Direktur Utama PT Krakatau Steel (Persero) Tbk, Mas Wigrantoro mengaku optimistis dapat mencapai target pada tahun 2018. Target penjualan pada tahun 2018 perusahaan emiten berkode saham KRAS tersebut ialah 2,8 juta ton baja, atau meningkat 40 % dibanding tahun 2017.
"Tahun ini proyek besar yang sedang digarap adalah Blast Furnace dan Hot Strip Mill (HSM) 2," terang Mas saat memberi sambutan dalam acara media gathering di Cilegon, Senin (12/2).
Blast Furnace atau tungku pembakaran merupakan langkah KRAS untuk melakukan peningkatan efisiensi. Proyek yang dicanangkan sejak tahun 2013 itu diharapkan mampu menghemat US$ 58/ton.
Blast Furnace tercatat memiliki nilai investasi sebesar US$ 661,5 juta dengan kapasitas produksi 1,2 juta ton/tahun.
Sementara itu, untuk meningkatkan kapasitas produksi, KRAS mengandalkan Hot Strip Mill 2 yang saat ini proses pengerjaannya mencapai 55 %.

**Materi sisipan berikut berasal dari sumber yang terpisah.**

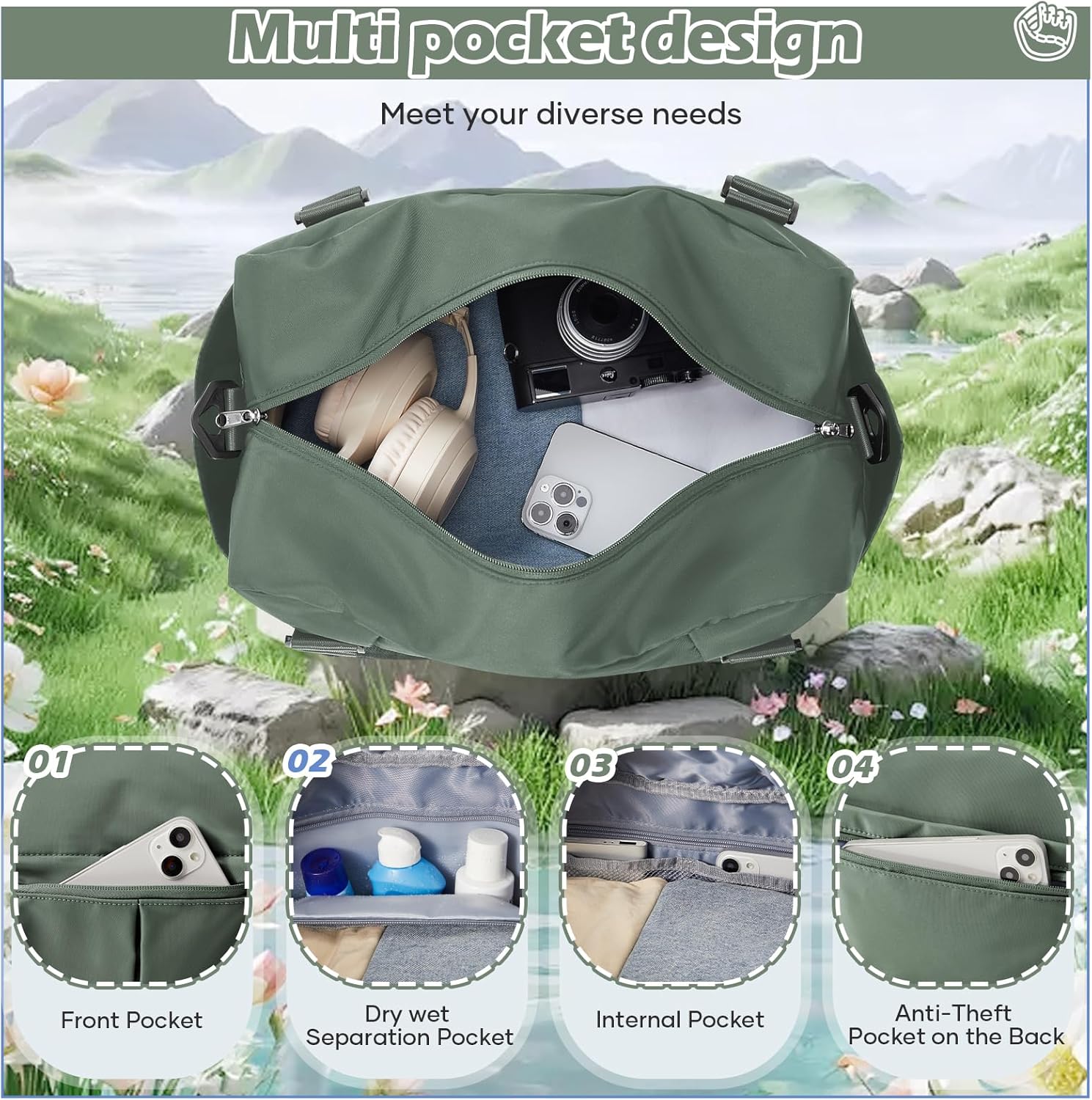 Thumbnail 3 de Reisetasche Damen Sporttasche 40x20x25 cm – Handgepäck 20 Liter, wasserdichte Nassfach, Nylon, B03-Armeegrün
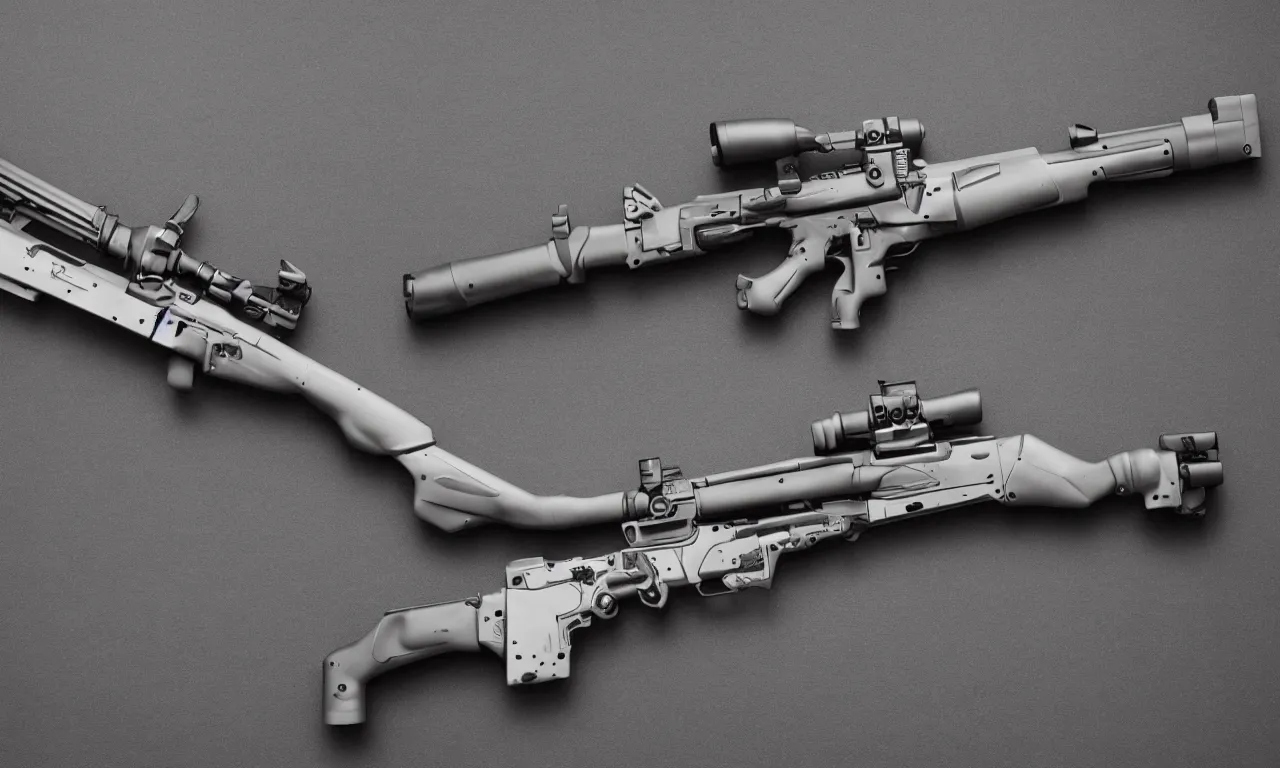 Prompt: a futuristic rifle design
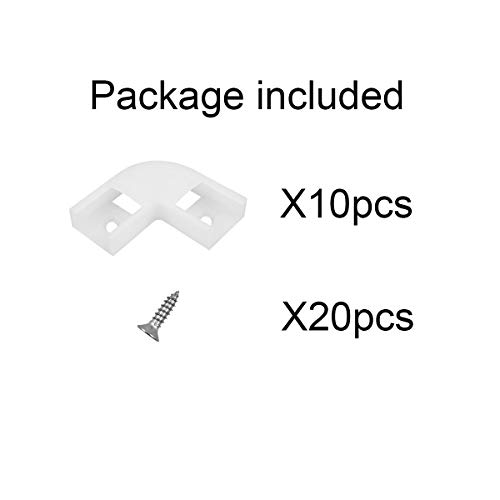 HAMRVL Led Channel Connectors Corner Kit for Led Strip Lights 45X45 90 Degree Connectors Suit for U-channel Led Light Diffuser Kitchen Cabinets Led Aluminum 17.8X7mm with Screw Angle Turning Solution - Thumbnail 6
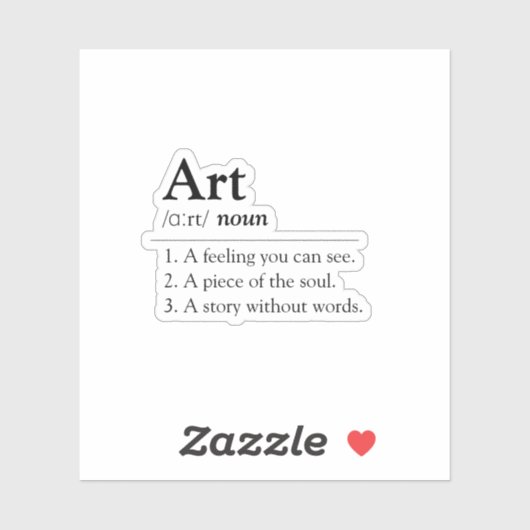Personalized Art Dictionary Definition Sticker (Feuille)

Melalui HSM 2, kapasitas produksi KRS diharapkan bertambah 1,5 juta ton/tahun menjadi 3 juta ton/tahun. Nilai investasi proyek yang menghasilkan Hot Rolled Coil itu tercatat mencapai US$ 450,4 juta.
"Langkah ketiga ialah dengan meningkatkan daya saing melalui peningkatan kualitas sumber daya, kami akan melakukan Corporate Culture Transformation," ucapnya.
KS tercatat masih mengalami kerugian sebesar US$ 75 juta hingga Q3 2017, namun angka kerugian tersebut menurun dibandingkan periode yang sama tahun 2016 yakni sebesar US$ 115 juta.
Tahun ini, KS menghadapi tahun 2018 dengan rasa optimistis dapat memperoleh laba bersih yang positif. KS juga menargetkan kontribusi anak perusahaannya terhadap laporan konsolidasi menjadi 45 % dari yang sebelumnya 15 %.
Menurut Mas, hal ini dilakukan karena industri baja nasional sangat dipengaruhi oleh fluktuasi harga baja internasional, sehingga membutuhkan dukungan anak perusahaan lebih besar dari sebelumnya.